Although:this is not our first time. Do you recall when we went there as part of that last BocaRaton jaunt back in 2015? (I know Rose doesn’t.) [see my report on such here]
Thursday,November 2, 2023: We flew, late. And our 4:55pm direct flight to Orlando was delayed by nearly four hours, due to something discovered on the flight that landed, earlier that day. Why did it take so long to discover, and then search? Because we weren't told anything at all, I simply presumed it to be a loose monkey on the plane (I attempted to tell this to others around us, but I don't think anyone bought it). Apparently they even had to bring in a sniffer dog. We weren't even sure we'd make it out, honestly. But we did. Aoife knocked out cold on the plane.

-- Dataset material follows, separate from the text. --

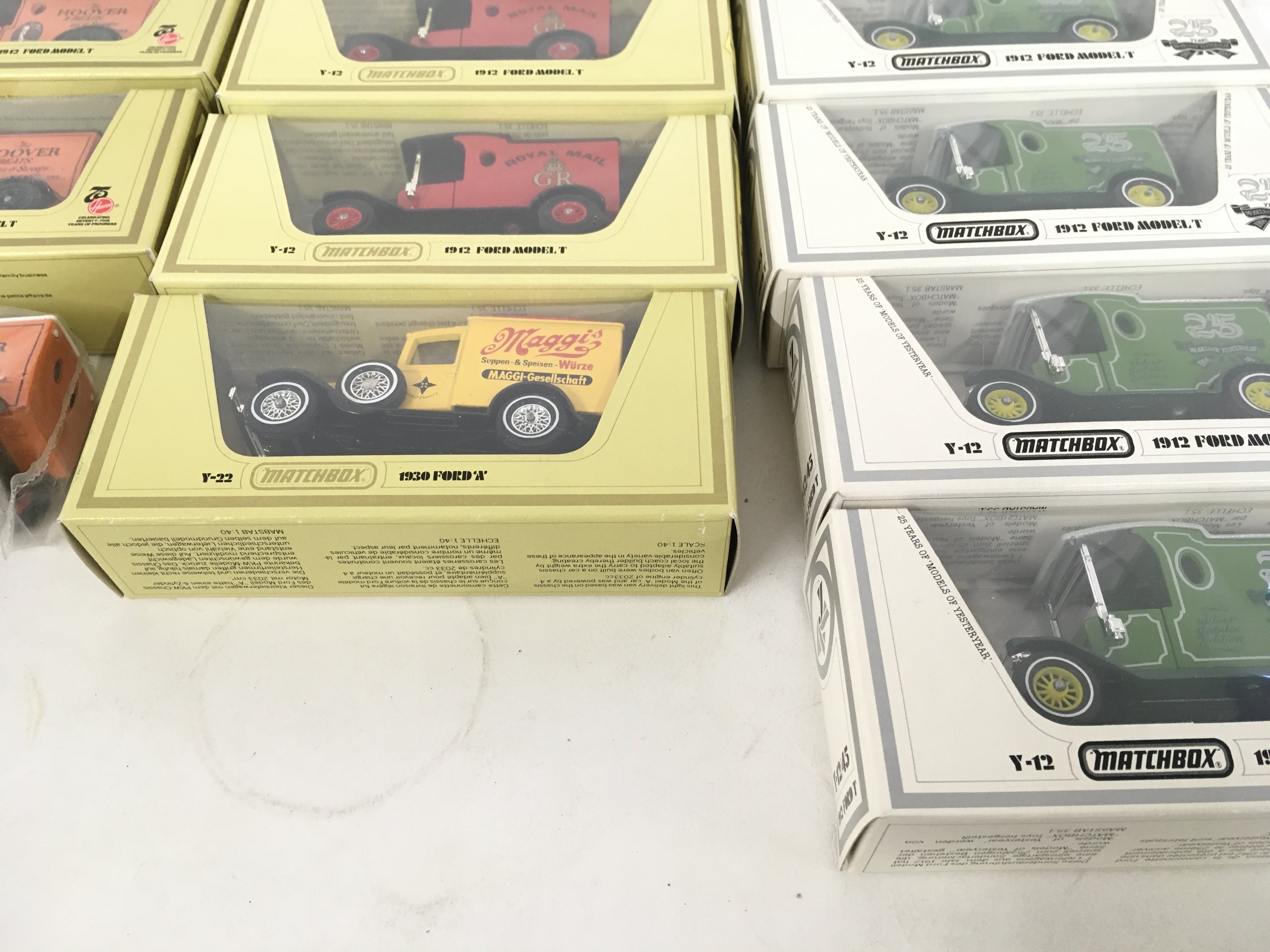 A collection of 28 unopened boxed model cars by Ma - Image 4 of 5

Friday,November 3, 2023: We woke slow, set in what was most likely a former condo. Oh, how late we got in. Once up, we headed for a full day of Universal, Orlando. Is Orlando a real place, or is it imaginary? A city of highways, condos, resorts and warehouses, it would seem. A city of palm trees and ridiculous adventure-lands. This city might just be imaginary.
Admittedly, the high point was the Harry Potter world stuff (Rose and Aoife had been years collecting change in a jar, all of which was for us to come to this specific place), both Diagon Alley in one corner, and Hogsmeade in another. The children hated the butterbeer (butterscotch foamy drink). I enjoyed a real beer. A dragon breathed fire. There were so many shops! They just wanted our money, methinks. We rode the Hogwarts train. The children collected wands. We went on a Minions ride that was amusing to all. Aoife met characters from the movie Sing. We saw Krazy Kat, and various Marvel things. I purchased a t-shirt.
Saturday,November 4, 2023: We had a quiet day, mostly at the condo space. I spent some time with notebook, and books by Laynie Browne, as well as my copy of Barry McKinnon's i wanted to say something, which I'd brought to poke through. I made various notes, some of which I'm still processing, adding to. I am still thinking upon. Christine and her mother made plans.
The tennis court across from our window also included a pickleball option, and large-scale chess and checkers, which occasionally folk would wander by and attempt. The children, at one point, made for the pool, so naturally I brought my books and my notebook, sketching out an hour's worth of notes. We wandered stores (I bought new shoes), found a dollar store and Christine and I picked up armloads of candy we can't get up here. Baby Ruth! Beer-flavoured jellybeans! What! Dinner at Red Lobster, a restaurant I don't think I've been to in years. My mother used to enjoy going regularly to one near home with my sister. I always think of them when I think of Red Lobster. The corn bread was excellent.
Sunday,November 5, 2023: Disneything, Animal Kingdom. Why are there Christmas trees and decorations everywhere? I don't want to think about that yet. We left our morning condo for our Disney-specific resort, meaning we became folded into the Disney space for five full days. We were beyond the scope of the real world, caught up in what only existed within. Aren't there science fiction films that begin this way? We saw wild animals in wide open spaces and attended an animation session, learning how to draw the sea turtle from Finding Nemo.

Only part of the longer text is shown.